**Exercise details**
From the line that contains "Pokemon TCG Comfey" through the line that contains "60M2/652X926CM POMARAŃCZOWE BOISKO", output every line of the listing below exactly and leave out all the rest.

**Input records**
--

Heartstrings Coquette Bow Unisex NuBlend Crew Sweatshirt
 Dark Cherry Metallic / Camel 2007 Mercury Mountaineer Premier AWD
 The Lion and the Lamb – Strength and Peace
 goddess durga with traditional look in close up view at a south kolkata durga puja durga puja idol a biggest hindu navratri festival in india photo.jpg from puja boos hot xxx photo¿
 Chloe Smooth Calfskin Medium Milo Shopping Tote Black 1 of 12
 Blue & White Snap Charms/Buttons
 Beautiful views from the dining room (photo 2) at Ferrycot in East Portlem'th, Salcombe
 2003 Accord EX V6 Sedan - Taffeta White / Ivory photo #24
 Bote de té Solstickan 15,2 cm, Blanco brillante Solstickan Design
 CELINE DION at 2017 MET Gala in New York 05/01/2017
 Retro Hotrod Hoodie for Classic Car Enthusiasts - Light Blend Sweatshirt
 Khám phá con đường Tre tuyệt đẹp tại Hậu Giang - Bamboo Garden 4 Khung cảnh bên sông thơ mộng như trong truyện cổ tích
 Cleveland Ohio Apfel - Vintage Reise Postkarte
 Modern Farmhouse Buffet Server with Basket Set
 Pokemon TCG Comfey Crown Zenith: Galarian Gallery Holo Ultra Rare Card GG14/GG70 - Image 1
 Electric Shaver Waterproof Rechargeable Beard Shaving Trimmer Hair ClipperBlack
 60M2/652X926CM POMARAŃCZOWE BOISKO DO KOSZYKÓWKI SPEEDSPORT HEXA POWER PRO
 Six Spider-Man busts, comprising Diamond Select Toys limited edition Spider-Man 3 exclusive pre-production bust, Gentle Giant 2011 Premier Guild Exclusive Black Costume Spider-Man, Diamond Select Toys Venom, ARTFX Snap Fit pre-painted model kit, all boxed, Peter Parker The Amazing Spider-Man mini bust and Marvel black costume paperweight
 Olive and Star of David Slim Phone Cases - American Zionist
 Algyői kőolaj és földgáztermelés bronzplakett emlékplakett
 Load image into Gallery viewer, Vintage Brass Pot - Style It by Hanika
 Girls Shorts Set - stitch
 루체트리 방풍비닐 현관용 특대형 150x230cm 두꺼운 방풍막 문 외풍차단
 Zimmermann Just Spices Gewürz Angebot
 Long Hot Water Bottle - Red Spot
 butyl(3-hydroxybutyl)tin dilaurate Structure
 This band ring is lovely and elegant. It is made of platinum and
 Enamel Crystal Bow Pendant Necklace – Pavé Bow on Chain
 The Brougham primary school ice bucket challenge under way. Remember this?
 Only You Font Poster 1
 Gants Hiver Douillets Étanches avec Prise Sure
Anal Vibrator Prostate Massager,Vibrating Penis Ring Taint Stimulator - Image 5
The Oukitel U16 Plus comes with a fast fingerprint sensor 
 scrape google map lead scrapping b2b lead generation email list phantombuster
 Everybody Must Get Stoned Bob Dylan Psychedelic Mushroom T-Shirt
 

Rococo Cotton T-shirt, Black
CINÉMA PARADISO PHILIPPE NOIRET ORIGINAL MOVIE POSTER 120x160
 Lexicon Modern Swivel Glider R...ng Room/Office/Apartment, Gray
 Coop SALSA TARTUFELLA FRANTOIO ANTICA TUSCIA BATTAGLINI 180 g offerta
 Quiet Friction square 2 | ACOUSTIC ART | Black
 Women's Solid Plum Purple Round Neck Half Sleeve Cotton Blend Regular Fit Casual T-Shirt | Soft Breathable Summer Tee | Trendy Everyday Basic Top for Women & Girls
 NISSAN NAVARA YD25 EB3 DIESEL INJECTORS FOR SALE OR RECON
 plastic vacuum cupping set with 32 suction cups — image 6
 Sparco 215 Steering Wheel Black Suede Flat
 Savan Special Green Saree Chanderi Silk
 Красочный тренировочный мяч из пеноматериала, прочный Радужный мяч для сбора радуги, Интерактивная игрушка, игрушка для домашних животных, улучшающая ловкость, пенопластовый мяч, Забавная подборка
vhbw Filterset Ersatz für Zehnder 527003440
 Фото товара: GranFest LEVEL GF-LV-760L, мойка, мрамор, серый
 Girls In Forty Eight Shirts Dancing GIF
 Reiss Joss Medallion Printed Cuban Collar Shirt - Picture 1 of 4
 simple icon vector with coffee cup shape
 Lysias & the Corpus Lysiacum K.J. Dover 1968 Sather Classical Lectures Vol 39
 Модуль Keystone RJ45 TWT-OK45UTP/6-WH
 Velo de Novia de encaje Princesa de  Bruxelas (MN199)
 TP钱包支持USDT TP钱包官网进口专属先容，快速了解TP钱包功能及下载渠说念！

--

**Task response**
 Pokemon TCG Comfey Crown Zenith: Galarian Gallery Holo Ultra Rare Card GG14/GG70 - Image 1
 Electric Shaver Waterproof Rechargeable Beard Shaving Trimmer Hair ClipperBlack
 60M2/652X926CM POMARAŃCZOWE BOISKO DO KOSZYKÓWKI SPEEDSPORT HEXA POWER PRO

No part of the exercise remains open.